■ Your goal
With the pictures set aside, write out all of the data exactly as it stands.

##### Given records #####

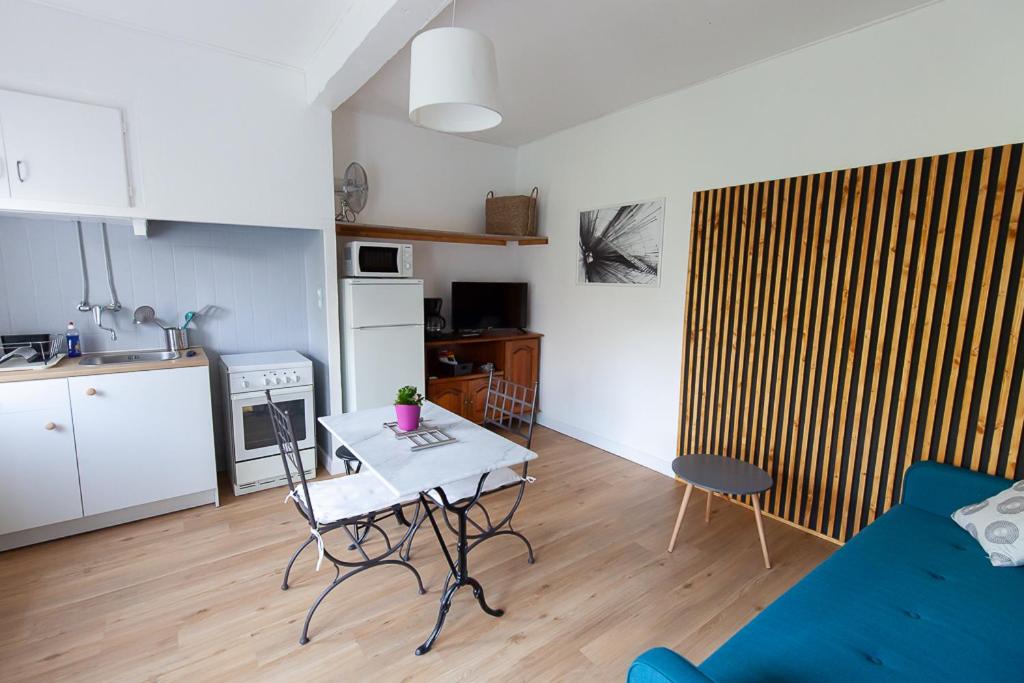 MAS PARET, Gîte "Argelès", Terrasse privative, Vue sur parc paysager - 3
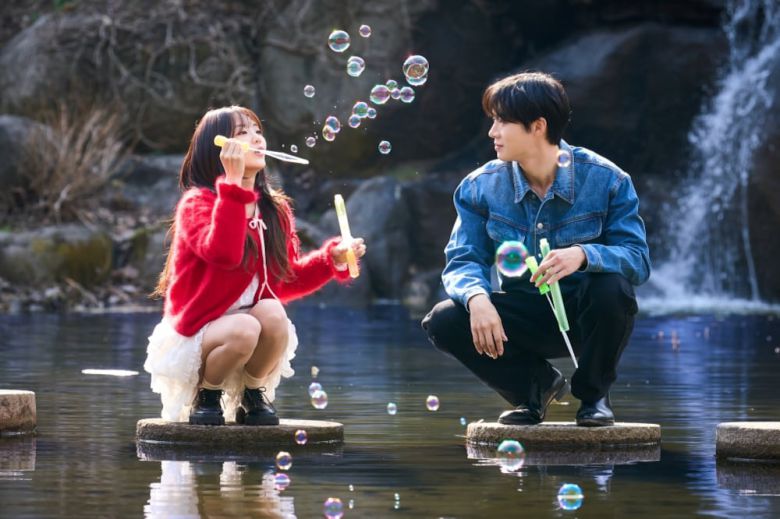 드라마 '견우와 선녀' 중 조이현과 추영우의 즐거운 한 때. /tvN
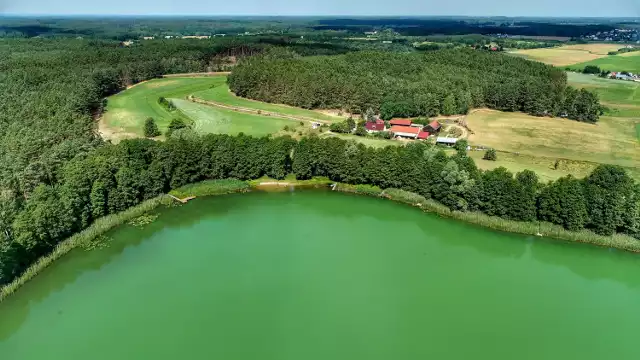 Jezioro Chłop z lotu ptaka prezentuje się wyjątkowo!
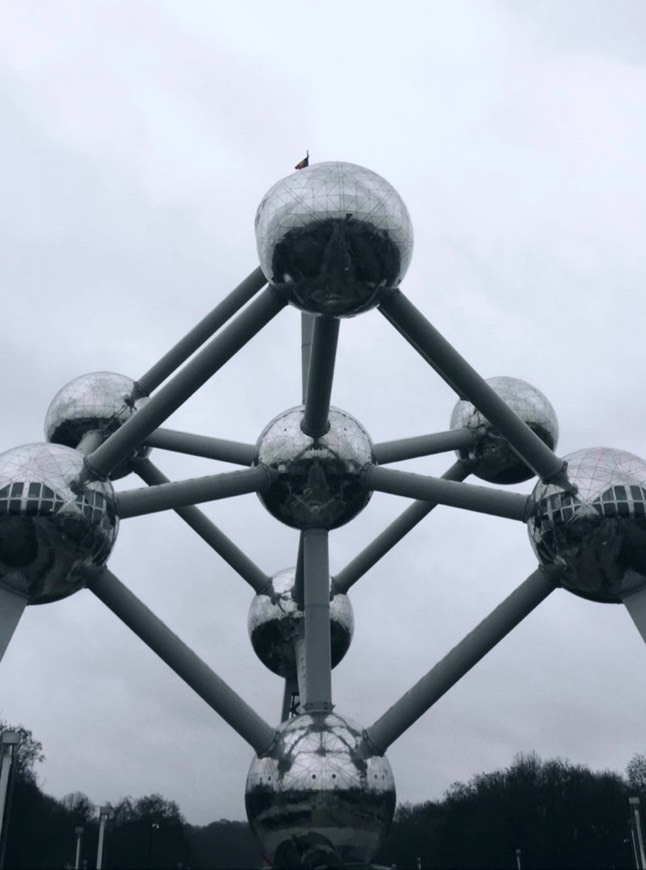 Place Atomium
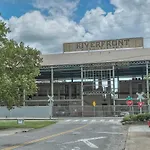 Walk To Broadway Riverfront With Pool Apartment *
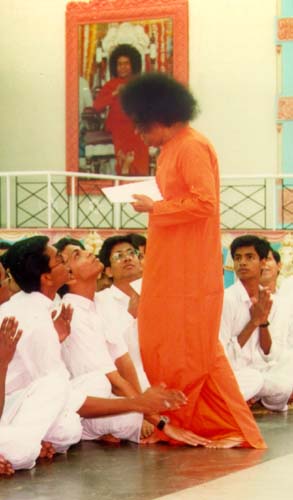 ������ ����� ��� ���� - Sathya Sai Baba's darshan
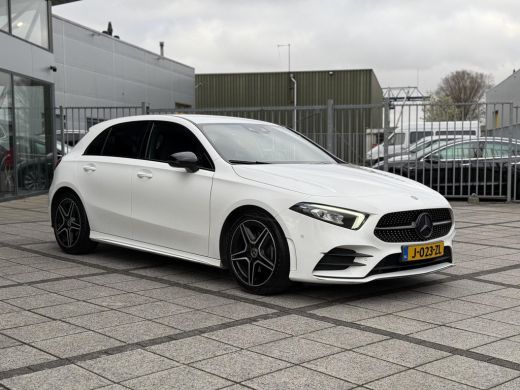 Mercedes A-Klasse 180 Aut. AMG Sport Sol. | Camera | Sfeer | Apple Carplay | ActivLease financial lease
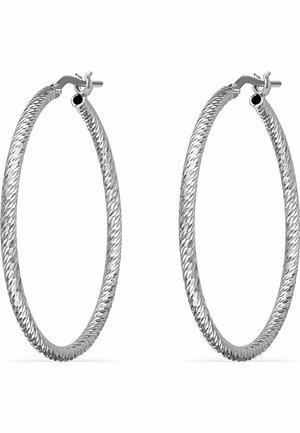 Sølvøreringe med hoops, der har et snoet design og en struktureret overflade med en skinnende finish samt en sikker lukning.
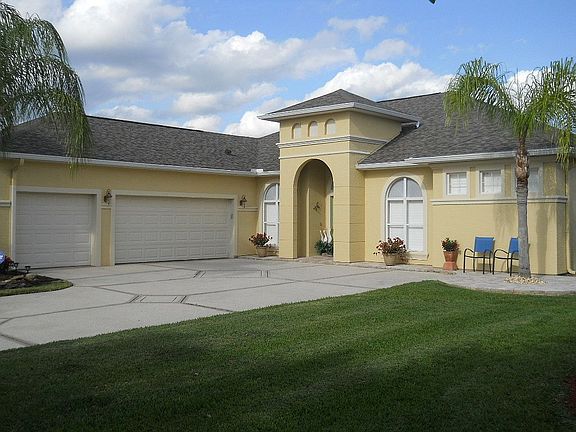 2nd image of 565 Caro Ct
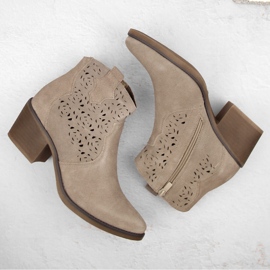 Ženske ažur kožne kaubojske čizme, bež S.Barski 1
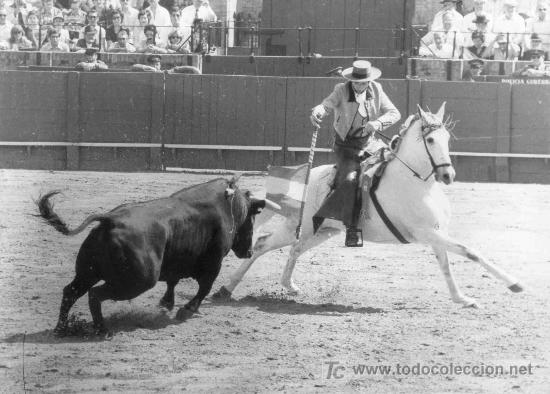 Tauromaquia: FOTOGRAFIA ORIGINAL AL REJONEADOR ANGEL P&Egrave;RALTA. PLAZA DE TOROS DE SEVILLA.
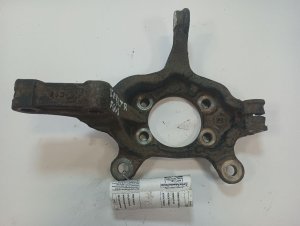 2011-2017 Nissan Juke Front Spindle Steering Knuckle (Less Hub) - Right (Passenger) (Used OEM)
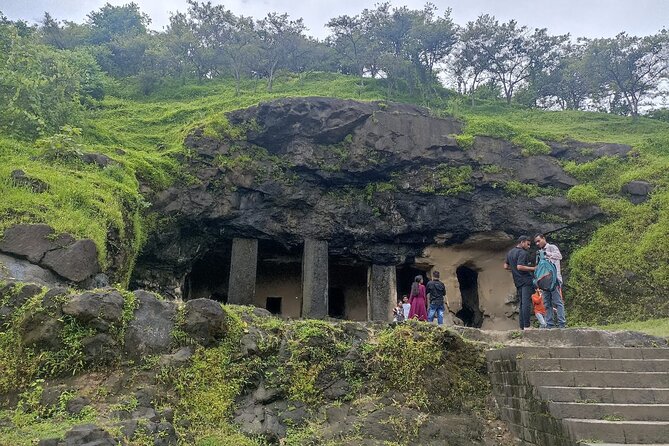Mumbai City Sightseeing with Elephanta Caves Full Day Tour - Marine Drive, Malabar Hill Pass-By, and Hanging Gardens Viewpoints
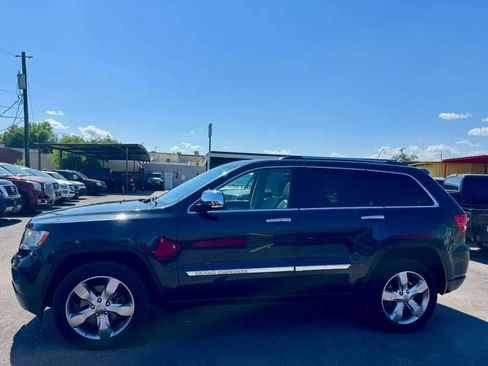 Used 2012 Jeep Grand Cherokee Overland AWD/4WD image 5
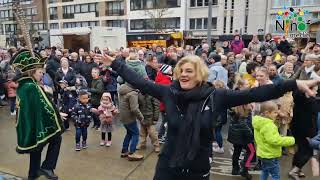 Burgemeester geeft dansles in opdracht van prins Stephanie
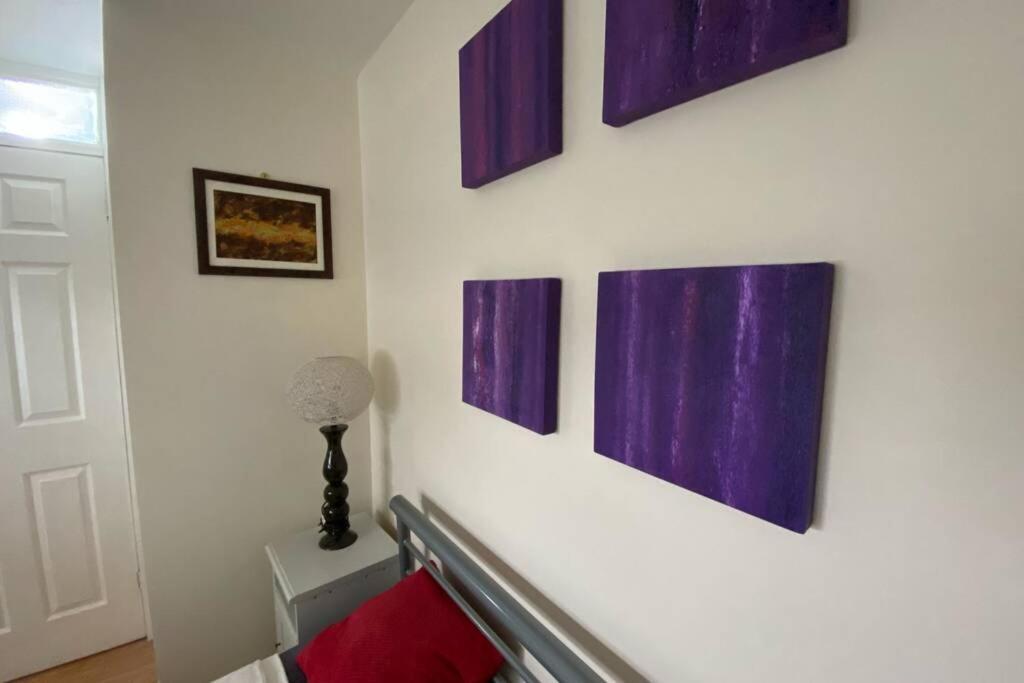 Two Bedroom Garden Flat In Zone 2 Appartamento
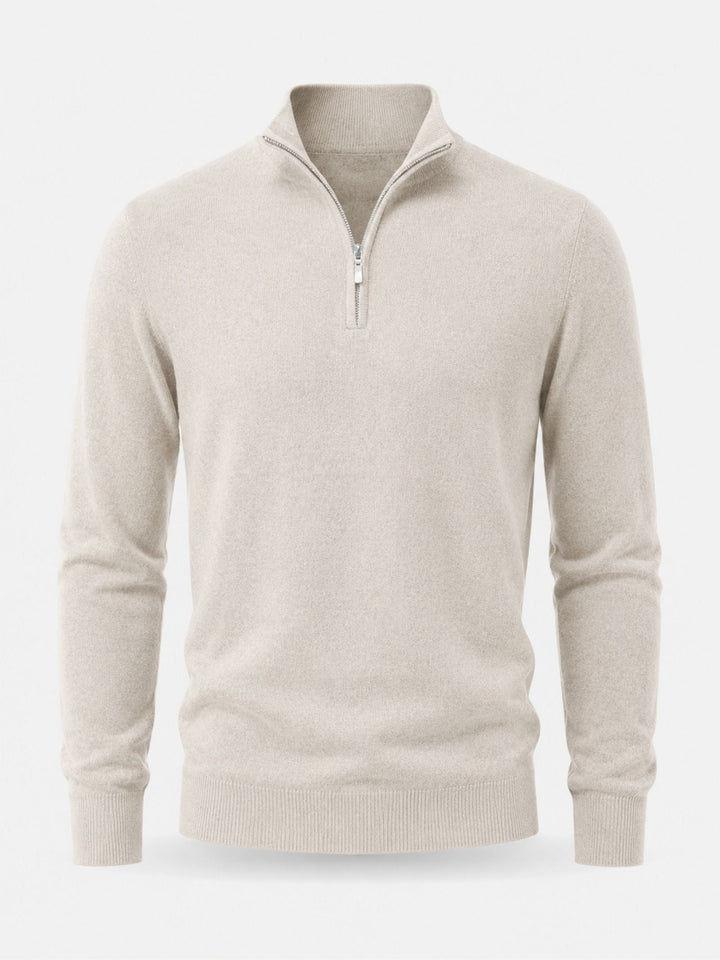 Heren V-hals trui met rits, zacht en ademend. Perfect voor lente en zomeravonden.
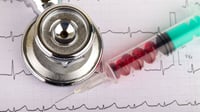 Un fármaco para fibrilación auricular puede interactuar con anticoagulantes y aumentar el riesgo de hemorragias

#####

■ Solution for this task
 MAS PARET, Gîte "Argelès", Terrasse privative, Vue sur parc paysager - 3
 드라마 '견우와 선녀' 중 조이현과 추영우의 즐거운 한 때. /tvN
 Jezioro Chłop z lotu ptaka prezentuje się wyjątkowo!
 Place Atomium
 Walk To Broadway Riverfront With Pool Apartment *
 ������ ����� ��� ���� - Sathya Sai Baba's darshan
 Mercedes A-Klasse 180 Aut. AMG Sport Sol. | Camera | Sfeer | Apple Carplay | ActivLease financial lease
 Sølvøreringe med hoops, der har et snoet design og en struktureret overflade med en skinnende finish samt en sikker lukning.
 2nd image of 565 Caro Ct
 Ženske ažur kožne kaubojske čizme, bež S.Barski 1
 Tauromaquia: FOTOGRAFIA ORIGINAL AL REJONEADOR ANGEL P&Egrave;RALTA. PLAZA DE TOROS DE SEVILLA.
 2011-2017 Nissan Juke Front Spindle Steering Knuckle (Less Hub) - Right (Passenger) (Used OEM)
Mumbai City Sightseeing with Elephanta Caves Full Day Tour - Marine Drive, Malabar Hill Pass-By, and Hanging Gardens Viewpoints
 Used 2012 Jeep Grand Cherokee Overland AWD/4WD image 5
 Burgemeester geeft dansles in opdracht van prins Stephanie
 Two Bedroom Garden Flat In Zone 2 Appartamento
 Heren V-hals trui met rits, zacht en ademend. Perfect voor lente en zomeravonden.
 Un fármaco para fibrilación auricular puede interactuar con anticoagulantes y aumentar el riesgo de hemorragias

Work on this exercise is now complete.